- **Caption-style text data**
'''

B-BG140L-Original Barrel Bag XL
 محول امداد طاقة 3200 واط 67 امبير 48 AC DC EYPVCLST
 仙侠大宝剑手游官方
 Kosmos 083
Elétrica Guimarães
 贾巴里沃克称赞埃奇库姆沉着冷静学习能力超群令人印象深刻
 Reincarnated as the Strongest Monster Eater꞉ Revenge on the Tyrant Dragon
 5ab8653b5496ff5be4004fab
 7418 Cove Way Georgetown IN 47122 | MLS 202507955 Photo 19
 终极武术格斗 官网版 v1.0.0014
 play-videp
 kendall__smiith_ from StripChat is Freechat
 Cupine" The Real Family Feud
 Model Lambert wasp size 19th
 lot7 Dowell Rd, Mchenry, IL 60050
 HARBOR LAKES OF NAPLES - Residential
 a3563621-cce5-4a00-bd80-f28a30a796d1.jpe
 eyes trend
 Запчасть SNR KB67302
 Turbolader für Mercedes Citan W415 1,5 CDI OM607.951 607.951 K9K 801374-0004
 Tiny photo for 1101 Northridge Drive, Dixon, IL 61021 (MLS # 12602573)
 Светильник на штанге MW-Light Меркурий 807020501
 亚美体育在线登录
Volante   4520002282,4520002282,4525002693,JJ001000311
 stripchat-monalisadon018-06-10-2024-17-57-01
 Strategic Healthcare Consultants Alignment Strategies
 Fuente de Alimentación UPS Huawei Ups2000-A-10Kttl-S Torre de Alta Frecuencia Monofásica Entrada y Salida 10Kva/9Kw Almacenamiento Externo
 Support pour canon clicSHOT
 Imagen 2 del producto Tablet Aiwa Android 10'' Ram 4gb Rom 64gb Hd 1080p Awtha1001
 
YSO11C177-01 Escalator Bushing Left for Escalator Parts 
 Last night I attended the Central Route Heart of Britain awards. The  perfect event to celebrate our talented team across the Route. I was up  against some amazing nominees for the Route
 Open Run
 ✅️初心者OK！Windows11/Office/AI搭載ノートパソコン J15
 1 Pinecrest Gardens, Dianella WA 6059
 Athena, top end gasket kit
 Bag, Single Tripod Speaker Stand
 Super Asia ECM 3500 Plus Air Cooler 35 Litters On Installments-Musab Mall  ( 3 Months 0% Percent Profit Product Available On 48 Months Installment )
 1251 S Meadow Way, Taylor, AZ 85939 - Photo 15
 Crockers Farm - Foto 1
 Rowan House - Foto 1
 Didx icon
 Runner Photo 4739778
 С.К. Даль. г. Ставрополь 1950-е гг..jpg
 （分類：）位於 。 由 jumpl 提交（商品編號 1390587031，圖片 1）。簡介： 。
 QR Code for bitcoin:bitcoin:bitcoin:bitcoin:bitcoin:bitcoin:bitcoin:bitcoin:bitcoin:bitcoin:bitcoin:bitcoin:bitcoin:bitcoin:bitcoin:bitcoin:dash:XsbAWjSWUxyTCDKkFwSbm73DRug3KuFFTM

'''

- **Exercise aim**
Look above for the line with "Turbolader für Mercedes"; retype exactly that line, every line after it up to the line with "YSO11C177-01 Escalator Bushing", and that line too, nothing else.

- **Answer space**
 Turbolader für Mercedes Citan W415 1,5 CDI OM607.951 607.951 K9K 801374-0004
 Tiny photo for 1101 Northridge Drive, Dixon, IL 61021 (MLS # 12602573)
 Светильник на штанге MW-Light Меркурий 807020501
 亚美体育在线登录
Volante   4520002282,4520002282,4525002693,JJ001000311
 stripchat-monalisadon018-06-10-2024-17-57-01
 Strategic Healthcare Consultants Alignment Strategies
 Fuente de Alimentación UPS Huawei Ups2000-A-10Kttl-S Torre de Alta Frecuencia Monofásica Entrada y Salida 10Kva/9Kw Almacenamiento Externo
 Support pour canon clicSHOT
 Imagen 2 del producto Tablet Aiwa Android 10'' Ram 4gb Rom 64gb Hd 1080p Awtha1001
 
YSO11C177-01 Escalator Bushing Left for Escalator Parts 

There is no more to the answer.